As mayor of Lincoln, Sawyer met weekly with the city council and interested citizens at the newly constructed city hall on the northwest corner of Tenth and Q streets. The chamber in which the municipal government met is shown in a photo of the Haymarket Square taken early in the twentieth century (Figure 4). It is the one story building in the lower right side of the photo.
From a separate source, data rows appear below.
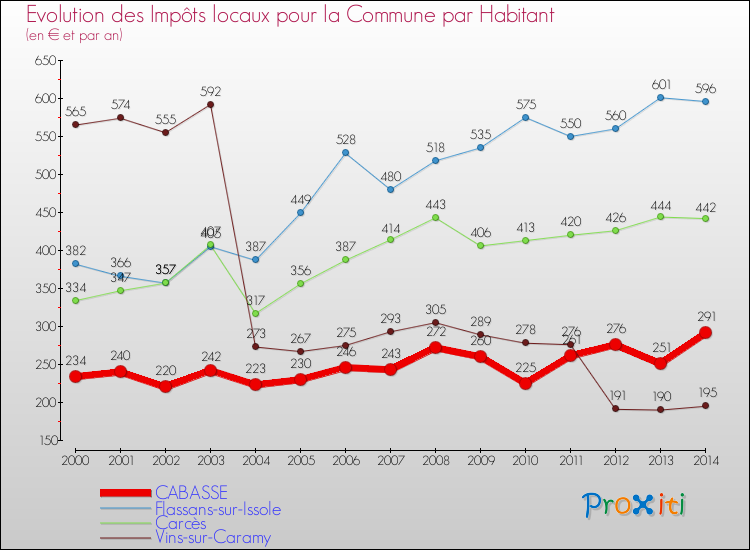 Evolution et montant des impôts locaux par Habitant pour CABASSE et les communes proches de 2000 à 2014 Comparaison des impôts locaux par habitant pour CABASSE et les communes voisines de 2000 à 2014
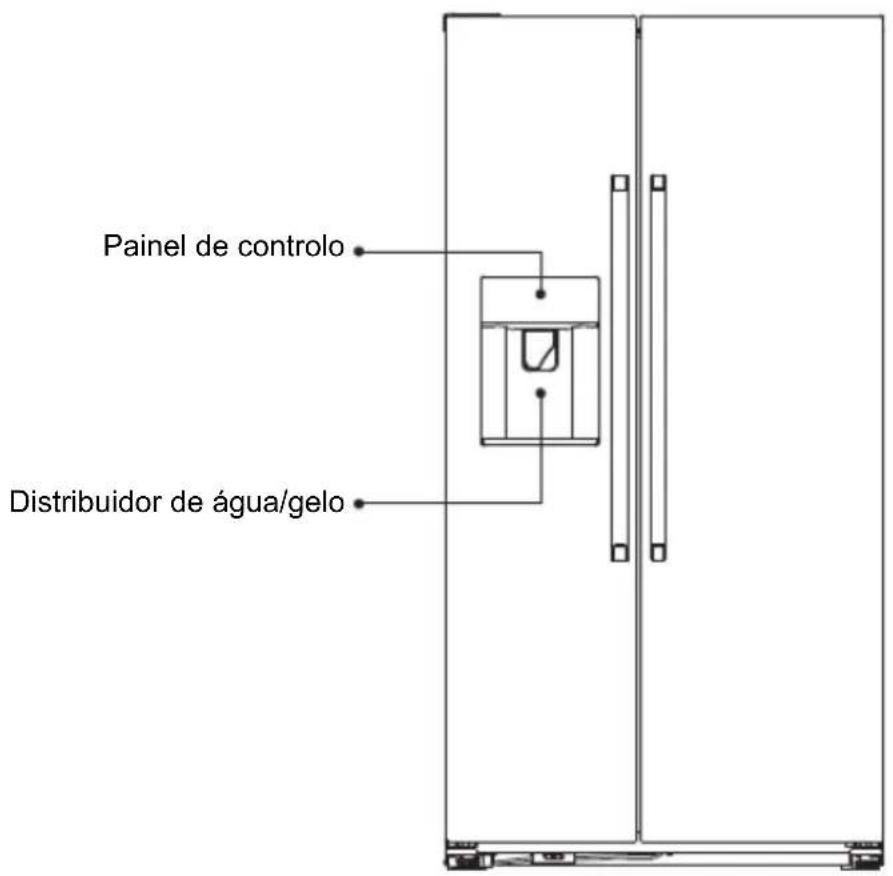 Küppersbusch FKG9801.0E - AVISO! Durante a utilização, - 1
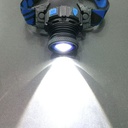 Rechargeable Camping Headlamp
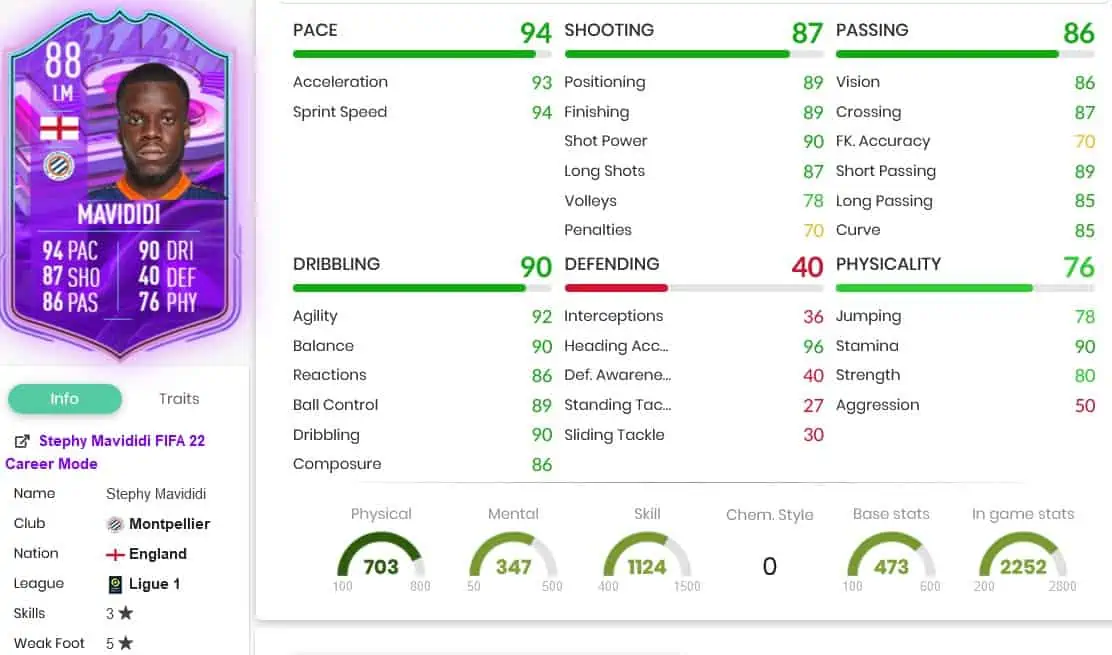 Mavididi stats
From the time Sawyer moved to Lincoln from Illinois in 1875, he was a prominent figure in the city's political and legal circles and as such, he occupied many offices throughout the town. Upon his arrival he moved into the primary law offices in the city at the time, the Union Block on the east side of Government Square. After working with various law partners, he relocated his law office into the newly constructed Burr Block on the northeast corner of Twelfth and O streets with his then partner Novia Z. Snell. The outside of his office in the Burr Block is shown in a photograph of the building (Figure 5); it is the sixth office from the left on the fifth floor located directly next to the offices of Lionel Burr and Stephen Pound's law firm, Burr and Pound. Sawyer's name is seen painted on the window of the building. Sawyer and Snell, along with their new law partner Lincoln Frost, then moved their offices to the McMurtry Block at 239 South Eleventh Street, the old site of the district and county courts. In 1898 the firm moved across the street into the Montgomery Block at 204 South Eleventh Street before settling into the First National Bank building building at 1003 O Street. The First National Bank building, known also as the State Block, was located on the southeast corner of Tenth and O streets and was three stories high. It is pictured in two photographs (Figure 6) (Figure 7). In 1910 the First National Bank built a new building on the same location and when it was completed, Sawyer acquired an office there on the seventh floor. He worked there until his death in 1924.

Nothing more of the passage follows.